Net financial liabilities at the corporate center fell 17% YoY and 15% QoQ to RUB 166bn, which was slightly better than we expected. Corporate center SG&A dropped 69% YoY to RUB 1.1bn mainly due to the high base effect of 3Q19.
Sistema’s management sees room for its FY20 dividends to double if the trends observed in 9M20 continue into 4Q20. This implies a dividend payout of around RUB 2.5bn. Although the potential dividend payout for FY20 is a bit higher than we forecasted (RUB 2.1bn), it still implies a yield of less than 1%.
Management expects to present an updated dividend policy to the BoD in 2021E.
Sistema is not planning to monetize its stake in OZON after the lock-up period, according to comments made by Sistema’s CEO Vladimir Chirakhov on the company’s 3Q20 conference call. Sistema believes in the investment attractiveness of OZON and sees room for its share price to appreciate over the next several years.
Segezha has started to see some improvement in the pricing environment. For example, the demand for paper sacks from the European construction industry has recovered after falling in 1H20. That said, Sistema did not provide any details on a potential IPO for Segezha, stating that no final decision has been made.

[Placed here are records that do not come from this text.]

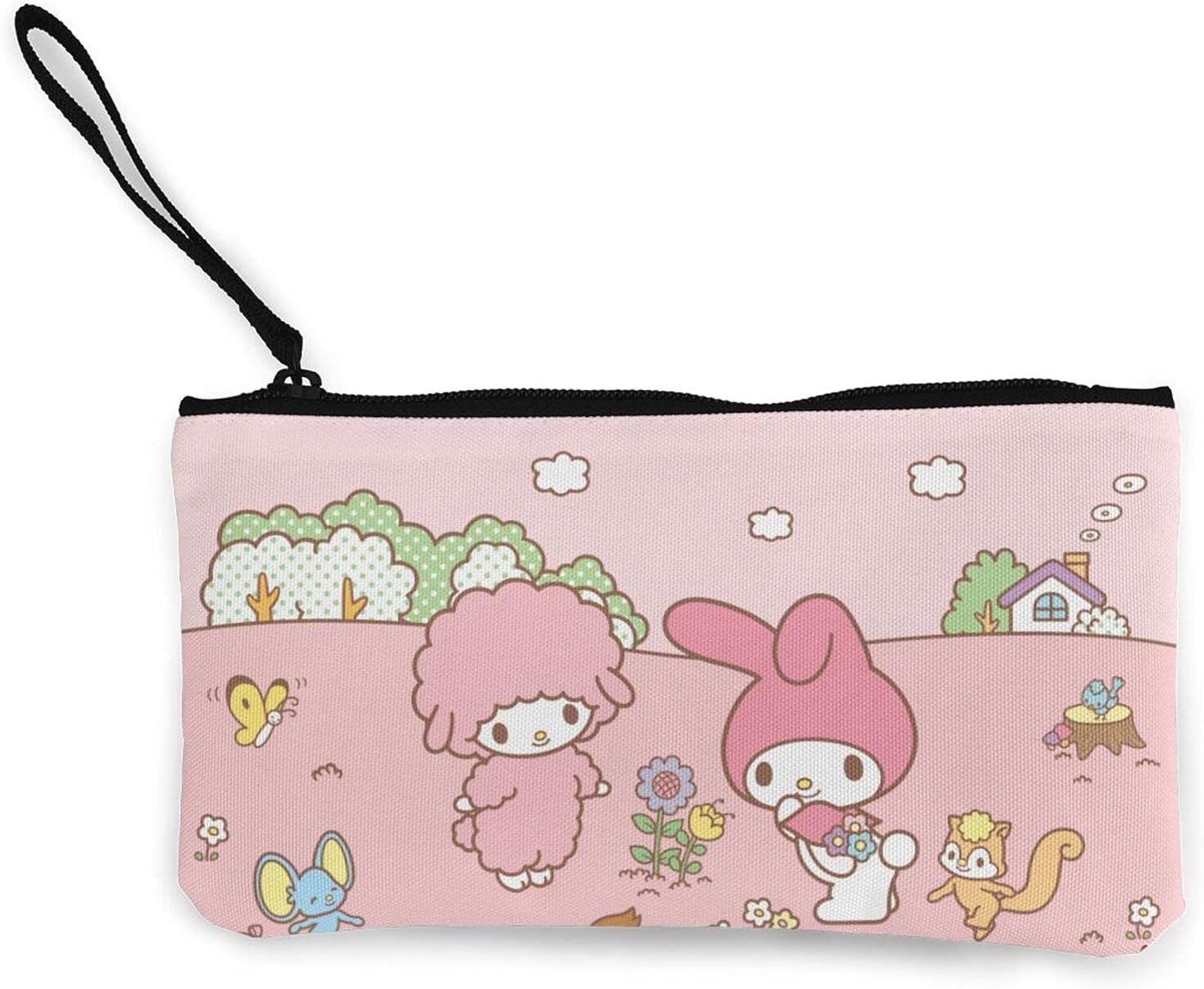 ハローキティ アニメ 財布 キャンバス 小銭入れ 携帯電話 化粧ポーチ スリム ポーチ コイン メイクポーチ ブランド品 多機能 ギフトを収容する Danesi コンパクト パスポート クレジットカード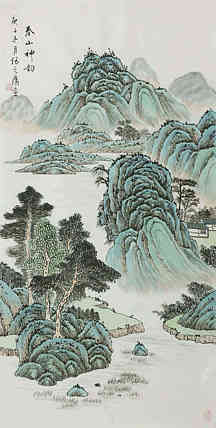 四尺仿古山水
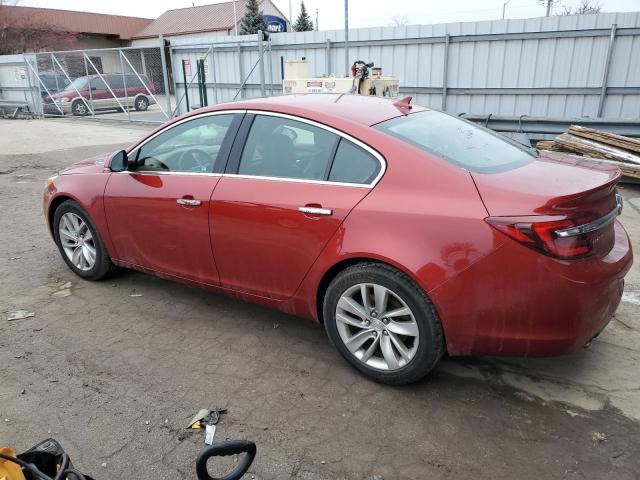 2G4GN5EX2E9325177 - 2014 BUICK REGAL PREMIUM RED photo 2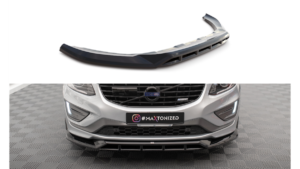 Splitter Volvo XC60 R-Design I Facelift esi Läikiv must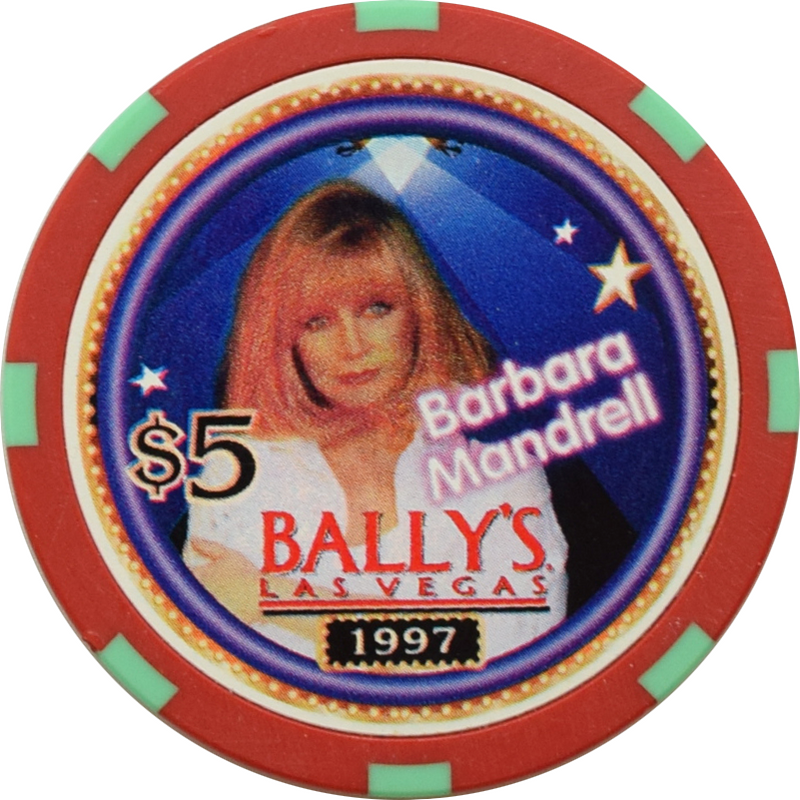 Bally's Casino Las Vegas Nevada $5 Barbara Mandrell Chip 1997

We see the 3Q20 results, which featured strong trends across Sistema’s key portfolio assets, as supportive for the stock. We also think Sistema’s intention to keep its stake in OZON could be beneficial for the company. In our view, keeping this stake would allow Sistema to maintain an attractive asset mix with exposure to the rapidly growing Russian e-commerce sector, while the increased share of public assets in its portfolio should make its NAV more visible and transparent to the market.